Wiki: Retrieval-augmented generation

Retrieval-augmented generation pairs a language model with a retrieval step that pulls relevant context from an external corpus before generation. The basic pattern is well-established, but several sources here push on its assumptions and identify cases where it underperforms or can be replaced.

The most direct challenge comes from PageIndex, which replaces vector similarity search with hierarchical tree indexes over long documents, using LLM reasoning to navigate the index rather than embedding distance. On FinanceBench it reaches 98.7% accuracy. The authors frame this as “vectorless RAG” — retrieval without the retrieval bottleneck that comes from chunking documents into semantically lossy fragments.

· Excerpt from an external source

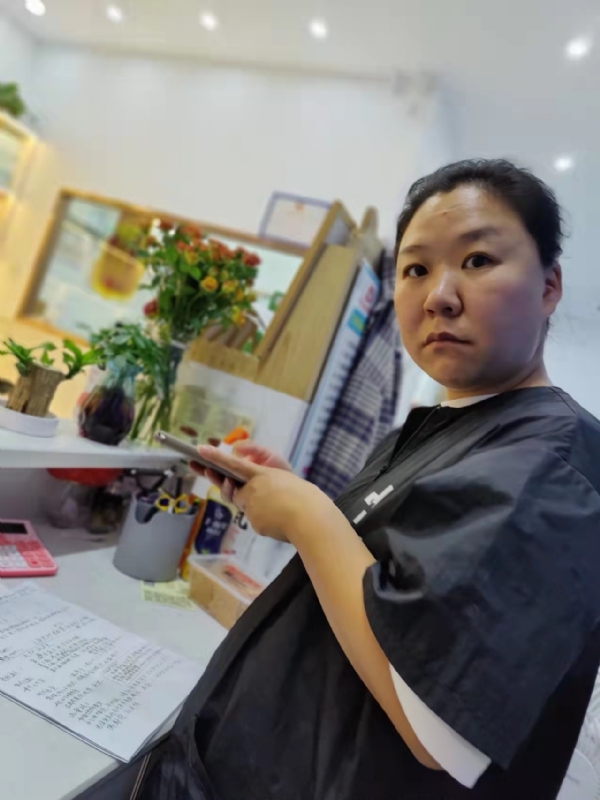 东北小野花的第一张照片--江西中老年相亲网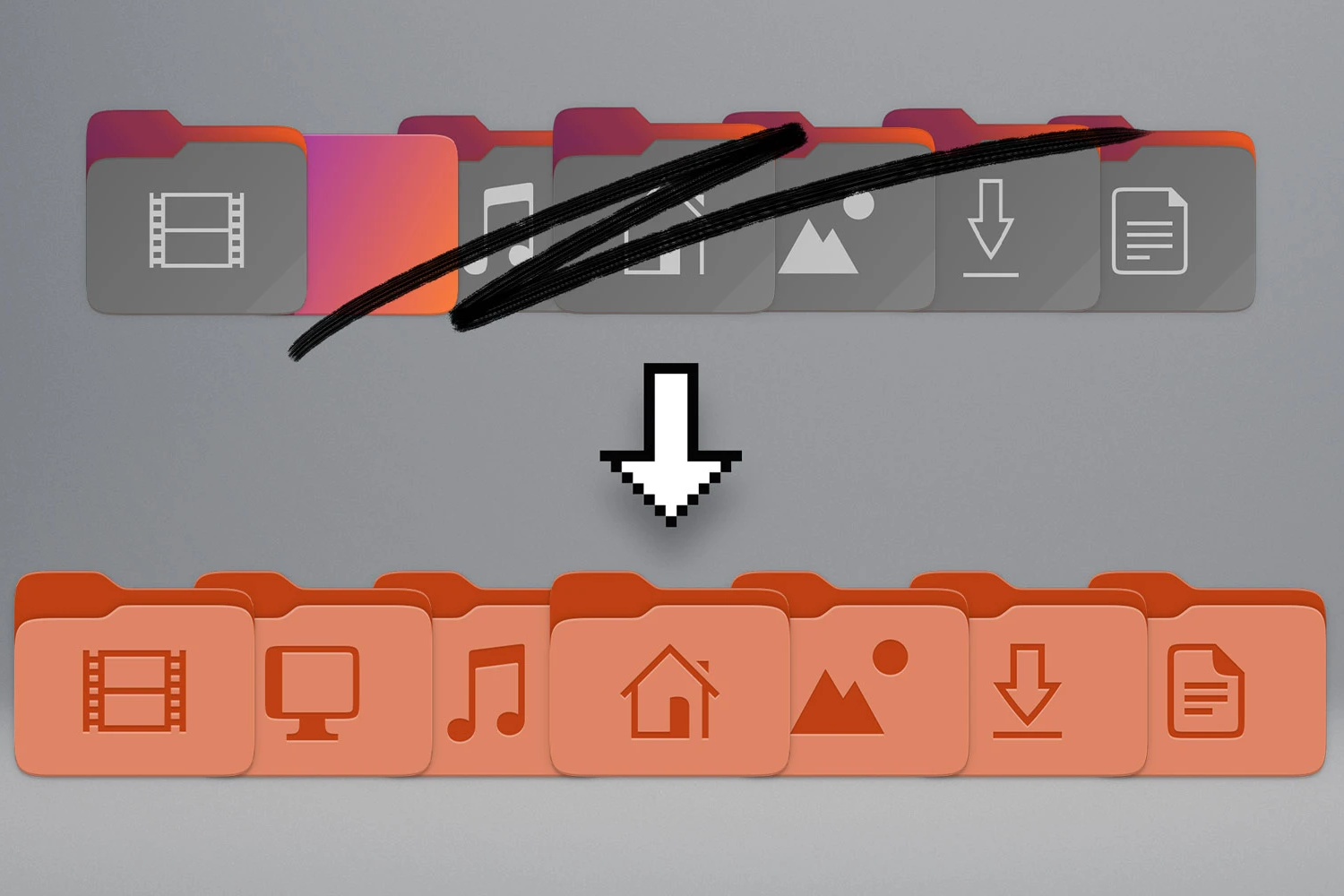 Ubuntu 2604 Lts Pristatys Atnaujintas Piktogramas Ir Patobulint Gnome Ssaj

A complementary critique appears in the Karpathy LLM Wiki threads. One Reddit implementation found that for curated research, having the model synthesize documents into structured Markdown at ingest time produces better cross-document reasoning than querying a vector store at runtime. The accompanying how-to notes this approach avoids RAG entirely at query time, at the cost of hallucinations baked in structurally if the ingest step is not linted.

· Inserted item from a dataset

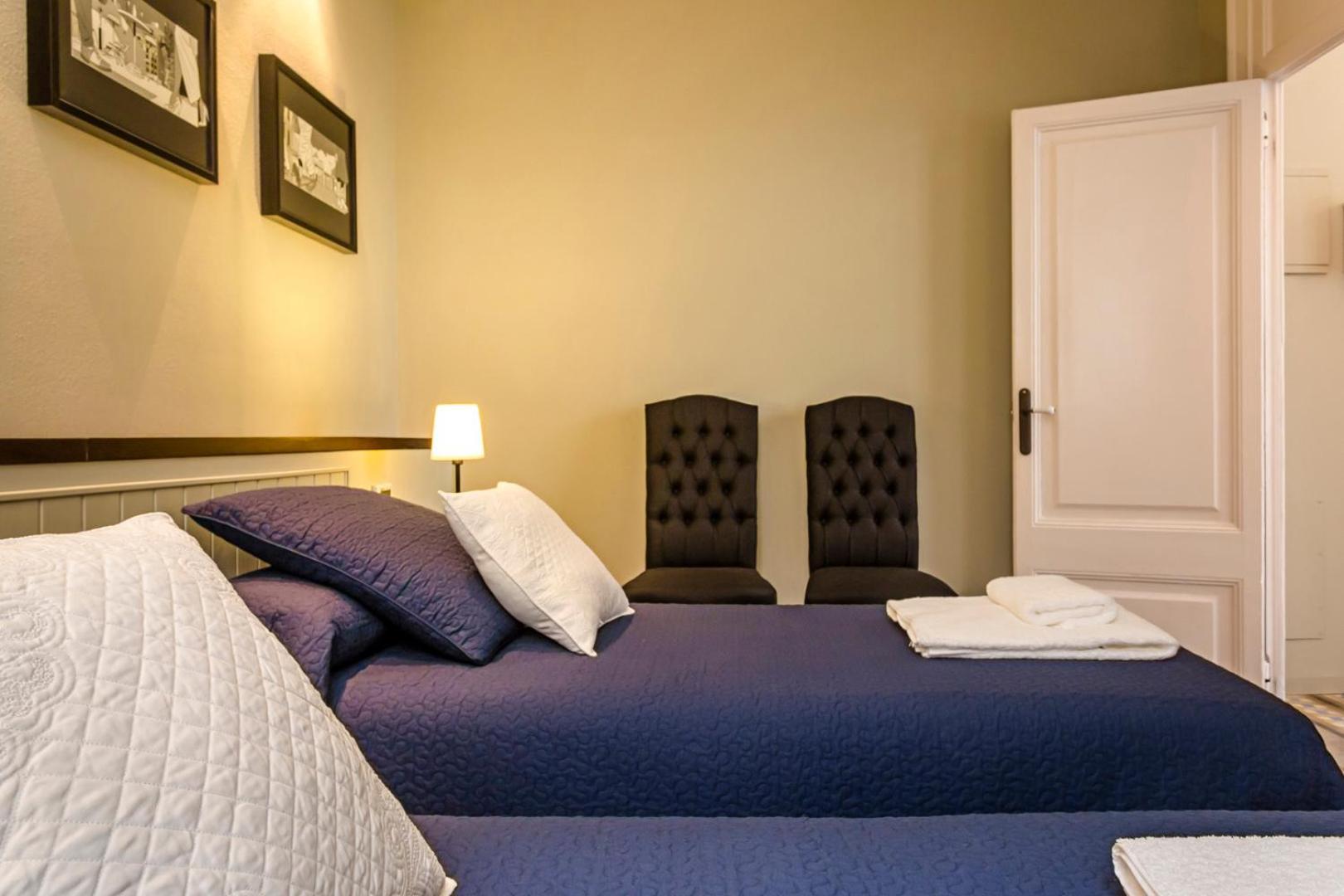 Bcn Paseo De Gracia Rocamora Apartment บาร์เซโลนา ภายนอก รูปภาพ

On the infrastructure side, RAG workloads are a primary driver of KV cache optimization. Pure KVA’s granular prompt caching segments prompts into reusable chunks so only changed tokens are reprocessed, cutting time-to-first-token and GPU cost for repeated RAG queries. The companion post reports up to 20x faster inference by persisting attention states across sessions on NFS and S3.

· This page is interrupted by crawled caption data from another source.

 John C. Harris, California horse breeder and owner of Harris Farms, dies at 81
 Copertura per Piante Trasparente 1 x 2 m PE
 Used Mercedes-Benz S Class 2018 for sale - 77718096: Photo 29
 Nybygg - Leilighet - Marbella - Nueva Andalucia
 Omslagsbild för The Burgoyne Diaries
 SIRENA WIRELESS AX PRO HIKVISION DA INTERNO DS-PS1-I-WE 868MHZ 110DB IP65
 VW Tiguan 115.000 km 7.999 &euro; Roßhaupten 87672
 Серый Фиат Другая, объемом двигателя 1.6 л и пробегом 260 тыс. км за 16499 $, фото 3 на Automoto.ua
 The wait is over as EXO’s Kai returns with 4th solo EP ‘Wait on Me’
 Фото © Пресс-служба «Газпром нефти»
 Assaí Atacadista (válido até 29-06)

RAG also appears as a standard component in agentic pipelines. AgentSwarms includes RAG alongside ReAct and multi-agent patterns as a foundational building block. OpenAI’s internal data agent uses layered context — schema metadata, annotations, institutional docs — that functions as a structured form of RAG over 600+ petabytes. Headroom addresses a downstream problem: RAG chunks inflating context windows, which it compresses by 60-95% before they reach the model.

The thread connecting these sources is that RAG is not a single technique but a design space. Vector similarity search, hierarchical indexing, compiled knowledge bases, and layered metadata retrieval are all answers to the same question — how to give a model the right information at the right time — and the best answer depends on document structure, query patterns, and latency constraints.